The most compelling lesson that Enhanced Recovery has taught me relates to the consistently observed reduction in complications.  It is typical for surgeons and anesthesiologists to assume that complications are ‘part of the cost of doing business’; things don’t always go according to plan.  Enhanced Recovery challenges that assumption; it is clear that at least 50% of complications, and perhaps more, can be prevented by addressing the processes of care that, when added together, define the patient’s surgical journey.

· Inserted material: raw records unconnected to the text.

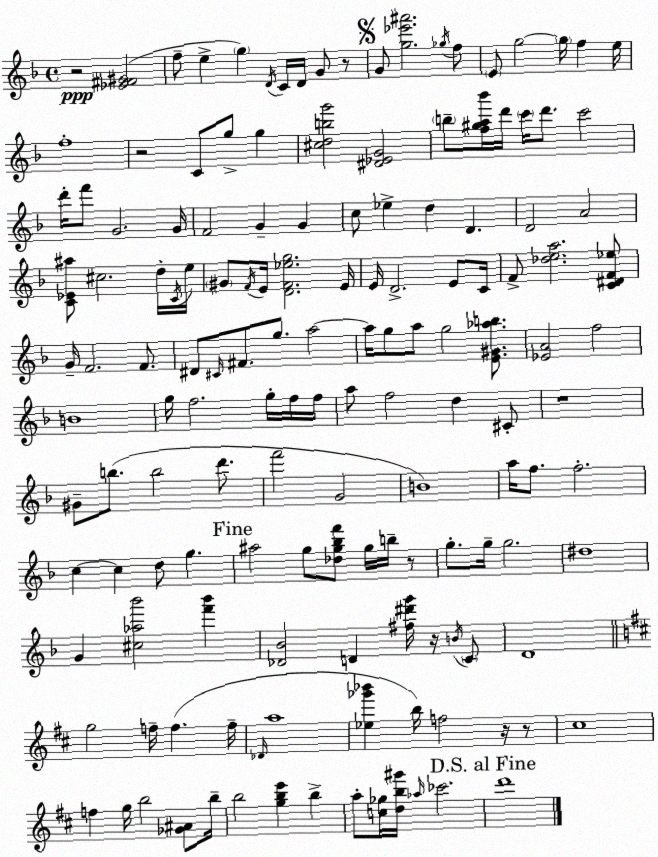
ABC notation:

X:1
T:Untitled
M:4/4
L:1/4
K:F
z2 [_E^F^G]2 f/2 e g D/4 C/4 D/4 G/2 z/2 G/2 [g_e'^a']2 _g/4 f/2 E/2 g2 g/4 f e/4 f4 z2 C/2 g/2 g [^cdbg']2 [^D_EG]2 b/2 [f^ga_b']/4 d'/4 c'/4 d'/2 c'2 d'/4 f'/2 G2 G/4 F2 G G c/2 _e d D D2 A2 [C_E^a]/2 ^c2 d/4 C/4 e/4 ^G/2 F/4 E/4 [DF_eg]2 E/4 E/4 D2 E/2 C/4 F/2 [_dea]2 [C^DF_e]/2 G/4 F2 F/2 ^D/2 ^C/4 ^F/2 g/2 a2 a/4 g/2 a/2 g2 [E^G_ab]/2 [_EA]2 f2 B4 g/4 f2 g/4 f/4 f/4 a/2 f2 d ^C/2 z4 ^G/2 b/2 b2 d'/2 f'2 G2 B4 a/4 f/2 f2 c c d/2 g ^a2 g/2 [_dg_bf']/2 g/4 b/4 z/2 g/2 g/4 g2 ^d4 G [^c_a_b']2 [f'_b'] [_D_B]2 D [^f^d'g']/4 z/4 B/4 C/2 D4 g2 f/4 f f/4 _D/4 a4 [_e_g'_b'] b/4 f2 z/4 z/2 ^c4 f g/4 b2 [_G^A]/2 b/4 b2 [gbe'] b a/2 [c_g]/4 [db^g']/4 _a/4 _c'2 d'4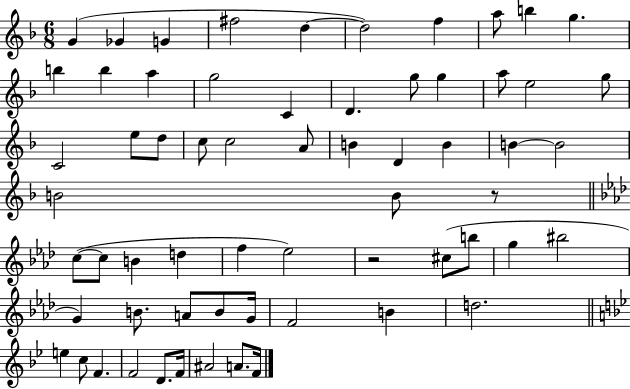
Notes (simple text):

G4/q Gb4/q G4/q F#5/h D5/q D5/h F5/q A5/e B5/q G5/q. B5/q B5/q A5/q G5/h C4/q D4/q. G5/e G5/q A5/e E5/h G5/e C4/h E5/e D5/e C5/e C5/h A4/e B4/q D4/q B4/q B4/q B4/h B4/h B4/e R/e C5/e C5/e B4/q D5/q F5/q Eb5/h R/h C#5/e B5/e G5/q BIS5/h G4/q B4/e. A4/e B4/e G4/s F4/h B4/q D5/h. E5/q C5/e F4/q. F4/h D4/e. F4/s A#4/h A4/e. F4/s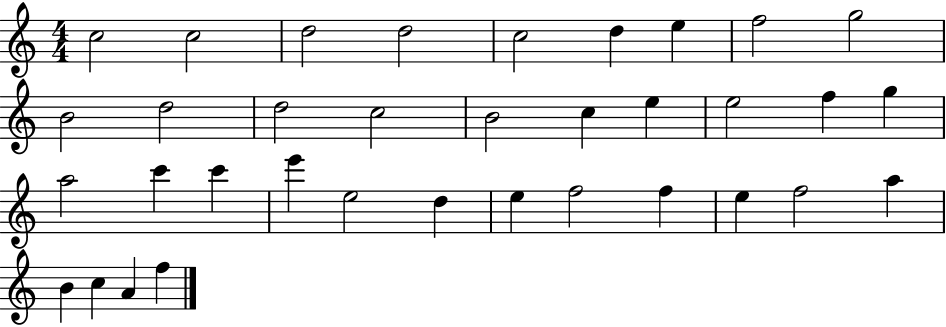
C5/h C5/h D5/h D5/h C5/h D5/q E5/q F5/h G5/h B4/h D5/h D5/h C5/h B4/h C5/q E5/q E5/h F5/q G5/q A5/h C6/q C6/q E6/q E5/h D5/q E5/q F5/h F5/q E5/q F5/h A5/q B4/q C5/q A4/q F5/q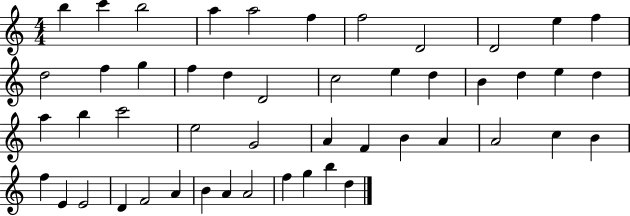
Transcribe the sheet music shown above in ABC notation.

X:1
T:Untitled
M:4/4
L:1/4
K:C
b c' b2 a a2 f f2 D2 D2 e f d2 f g f d D2 c2 e d B d e d a b c'2 e2 G2 A F B A A2 c B f E E2 D F2 A B A A2 f g b d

So, Canadian health care needs the Enhanced Recovery Society of Canada because the society promotes the development and implementation of processes of care that reduce complications and the human suffering that accompanies them, because it reduces the resources required to provide care, because there are still many opportunities across the country to improve on traditional approaches to care and because, as we implement these new processes of care, we are still learning what further improvements are possible.  The Society is a common resource for everyone who wants to participate in this exciting opportunity to lead, to learn and to contribute to a new vision for safer surgical care in Canada.

The Specialist Services Committee, a partnership of the Doctors of BC and the BC Ministry of Health, is a leading example of how engaging in this initiative can bring results.   The SSC has supported the development of a multi-disciplinary provincial Enhanced Recovery Collaborative that is now implementing enhanced recovery principles in all the geographical health authorities in British Columbia.  Surgeons, anesthesiologists, nurses, and allied health professionals are working together in a mutually beneficial way to see that the best possible outcomes can be achieved for patients.